Task item
Under this line are records; the part from the line containing "CORSAIR AIR 5400" through the line containing "Affiche illustrée de" should be repeated exactly. Please exclude pictures.

Extracted records
== == ==
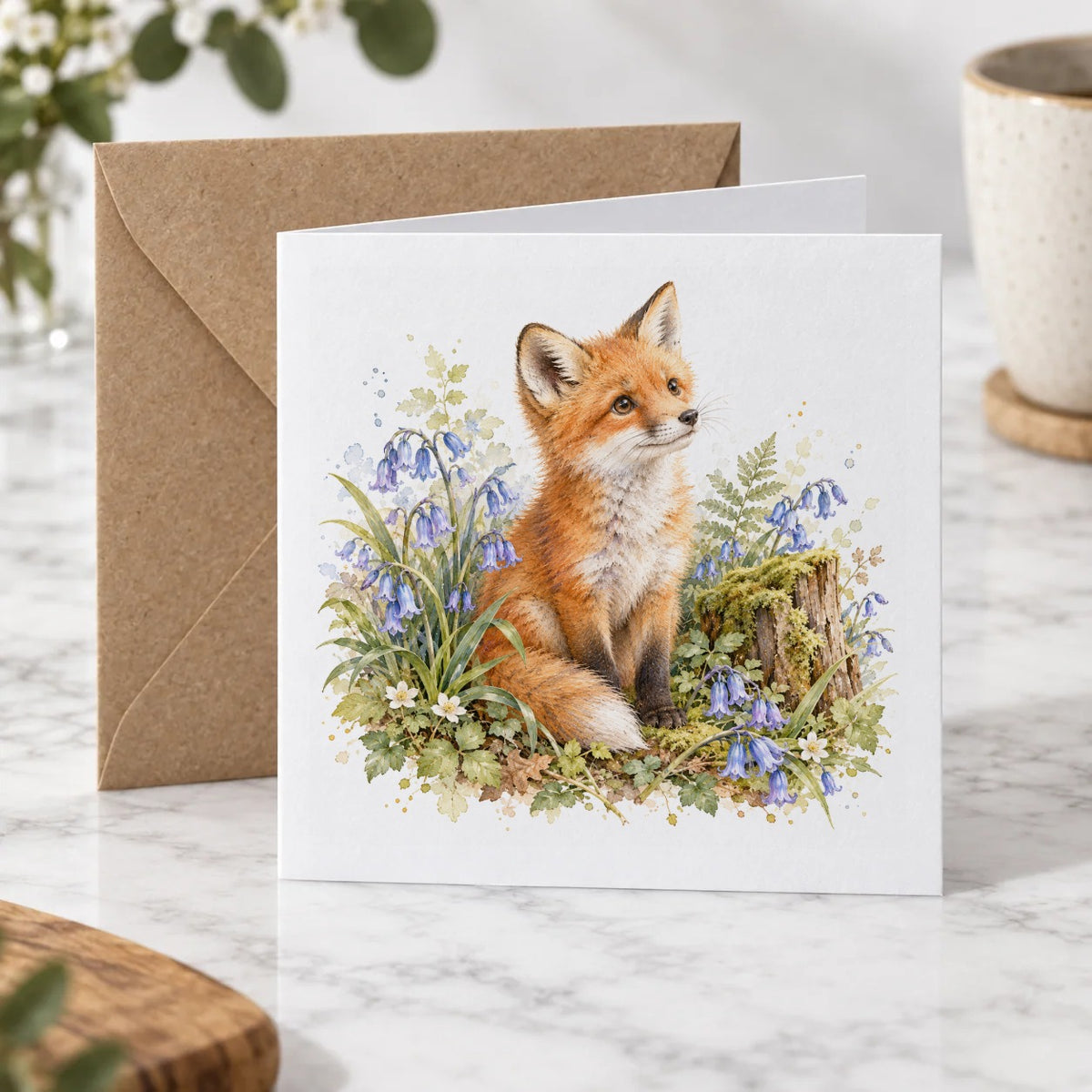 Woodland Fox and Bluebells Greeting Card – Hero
== == ==
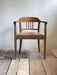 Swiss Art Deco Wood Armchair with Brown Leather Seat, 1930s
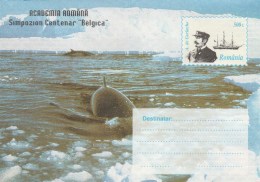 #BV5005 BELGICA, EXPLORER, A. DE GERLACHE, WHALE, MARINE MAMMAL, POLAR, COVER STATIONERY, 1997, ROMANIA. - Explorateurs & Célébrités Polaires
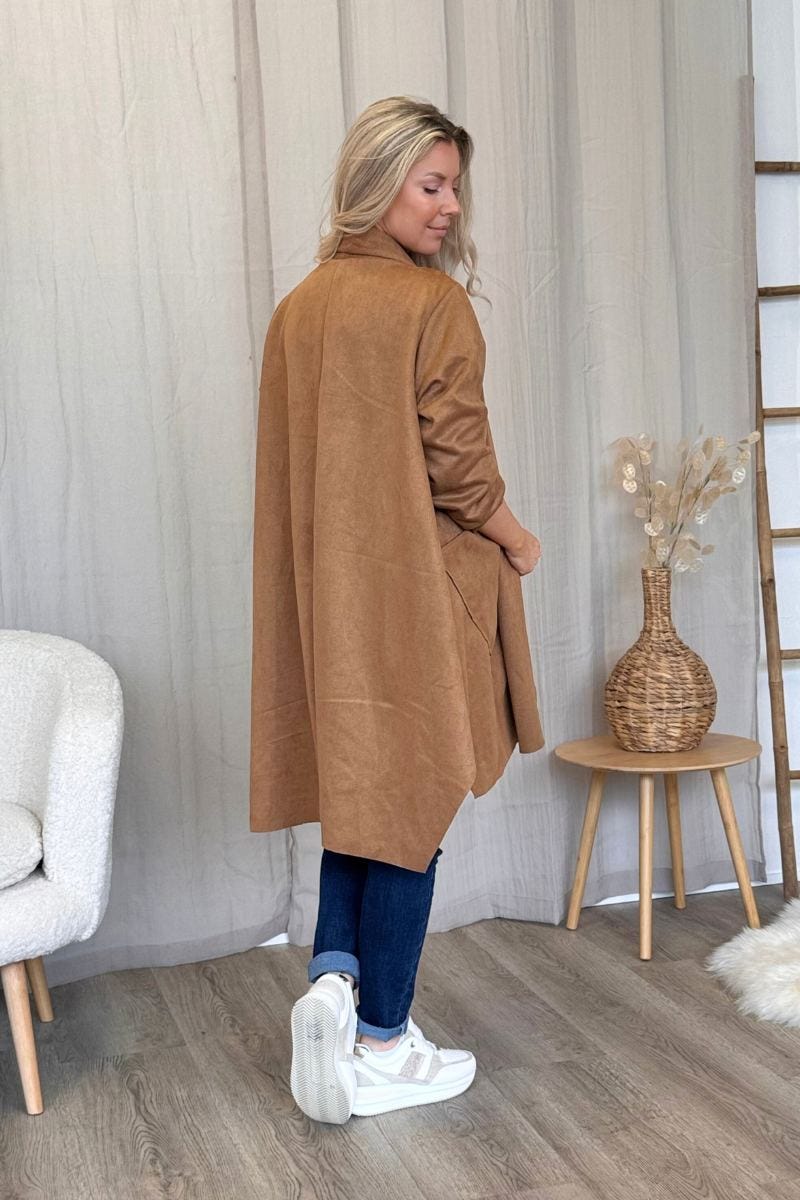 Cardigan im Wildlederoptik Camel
== == ==
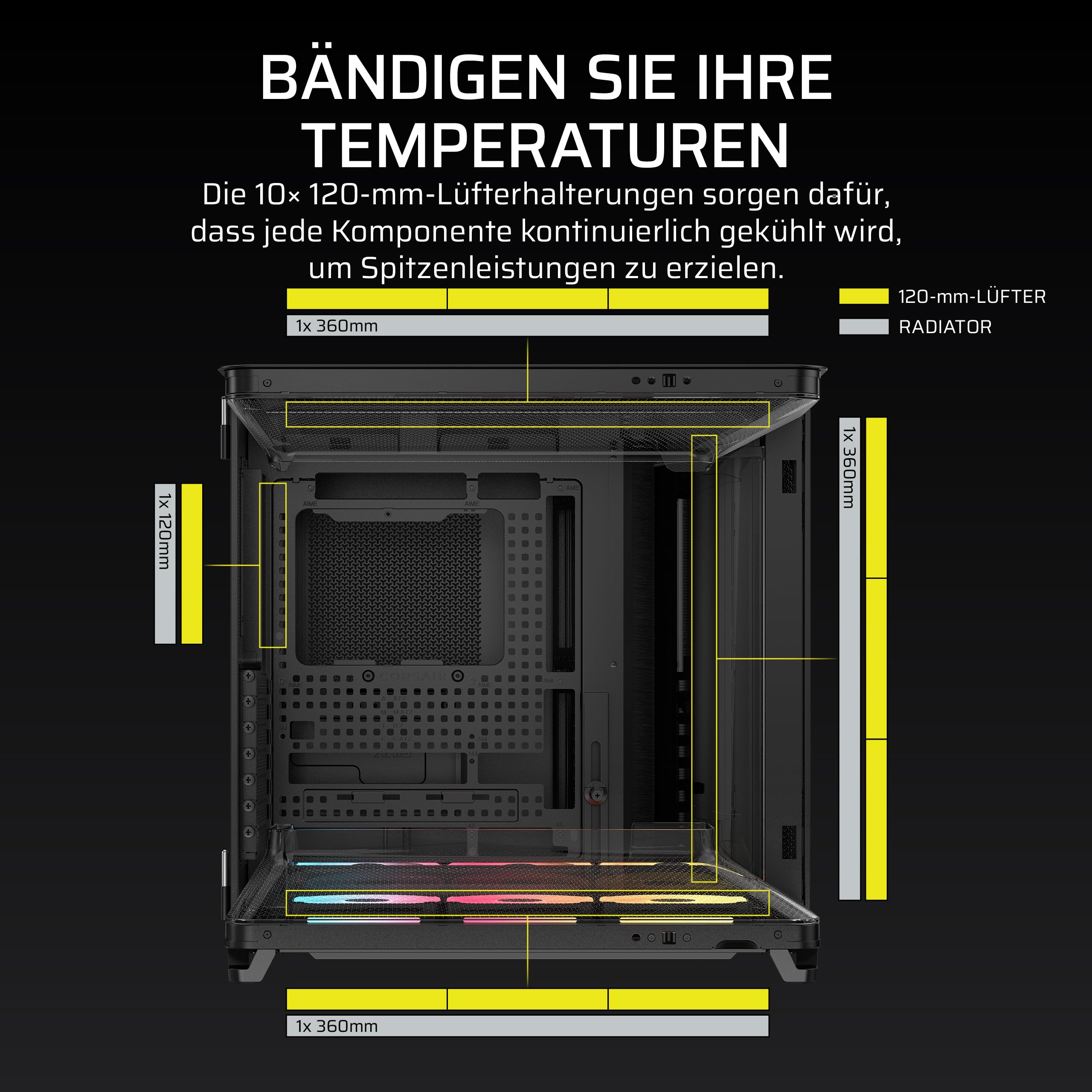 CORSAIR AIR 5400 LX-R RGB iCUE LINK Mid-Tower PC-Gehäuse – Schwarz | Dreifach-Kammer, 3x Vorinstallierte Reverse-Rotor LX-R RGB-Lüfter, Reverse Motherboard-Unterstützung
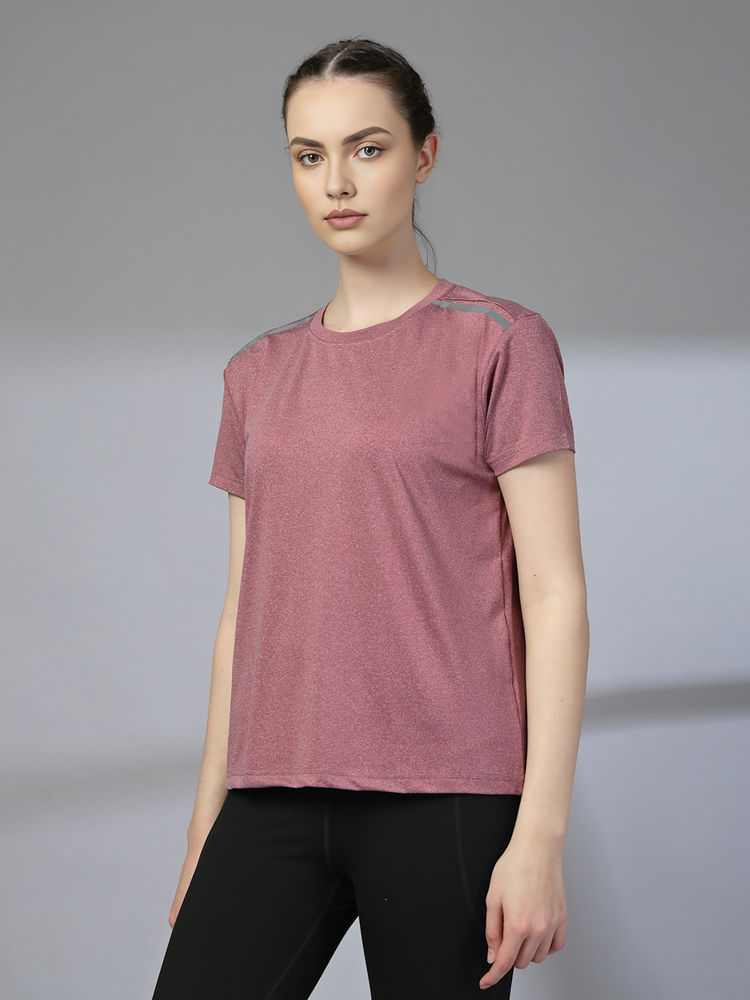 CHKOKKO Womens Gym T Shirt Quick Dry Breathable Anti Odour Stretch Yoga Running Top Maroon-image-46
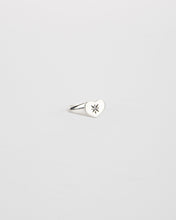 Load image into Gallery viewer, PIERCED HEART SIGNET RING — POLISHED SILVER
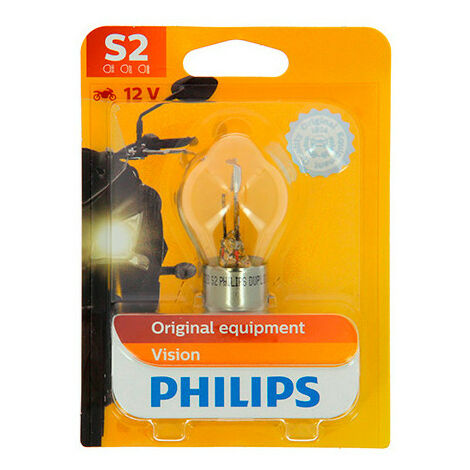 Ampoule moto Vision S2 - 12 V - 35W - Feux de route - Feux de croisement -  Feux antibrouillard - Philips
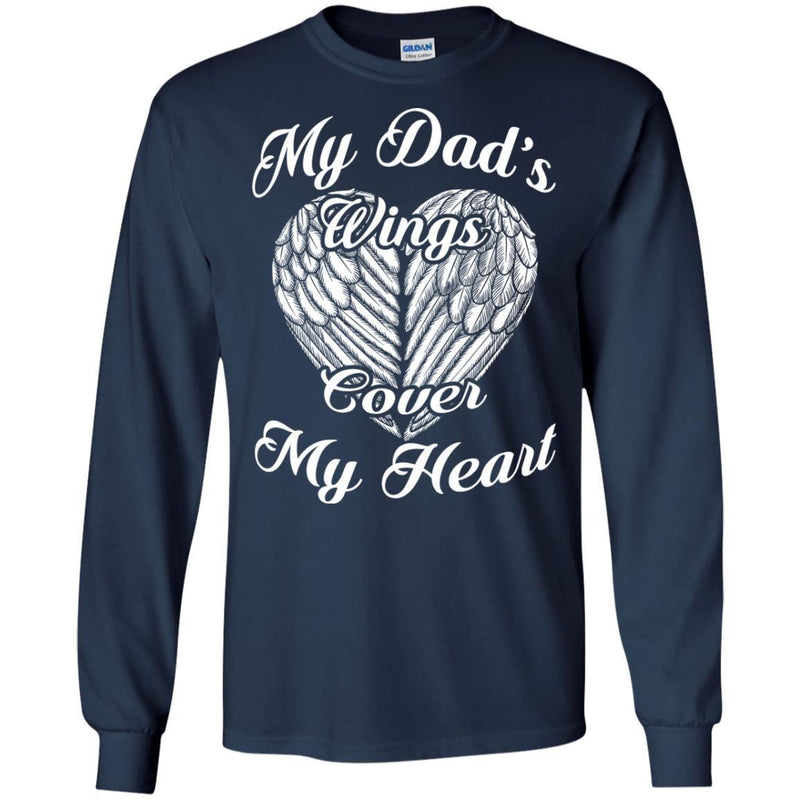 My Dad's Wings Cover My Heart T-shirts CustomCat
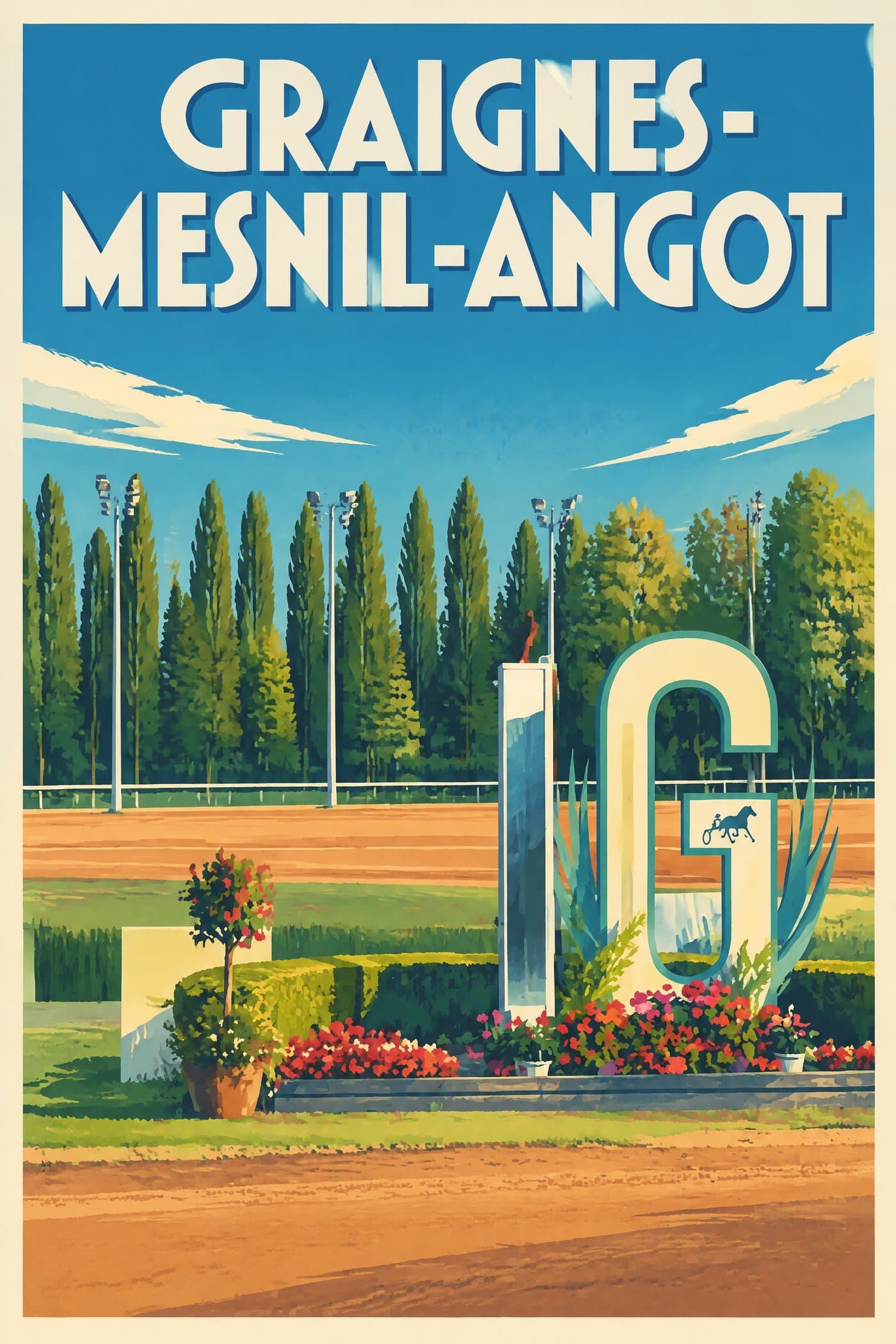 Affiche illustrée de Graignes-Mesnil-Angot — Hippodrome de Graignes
== == ==
Written reply
 CORSAIR AIR 5400 LX-R RGB iCUE LINK Mid-Tower PC-Gehäuse – Schwarz | Dreifach-Kammer, 3x Vorinstallierte Reverse-Rotor LX-R RGB-Lüfter, Reverse Motherboard-Unterstützung
 CHKOKKO Womens Gym T Shirt Quick Dry Breathable Anti Odour Stretch Yoga Running Top Maroon-image-46
 Load image into Gallery viewer, PIERCED HEART SIGNET RING — POLISHED SILVER
 Ampoule moto Vision S2 - 12 V - 35W - Feux de route - Feux de croisement -  Feux antibrouillard - Philips
 My Dad's Wings Cover My Heart T-shirts CustomCat
 Affiche illustrée de Graignes-Mesnil-Angot — Hippodrome de Graignes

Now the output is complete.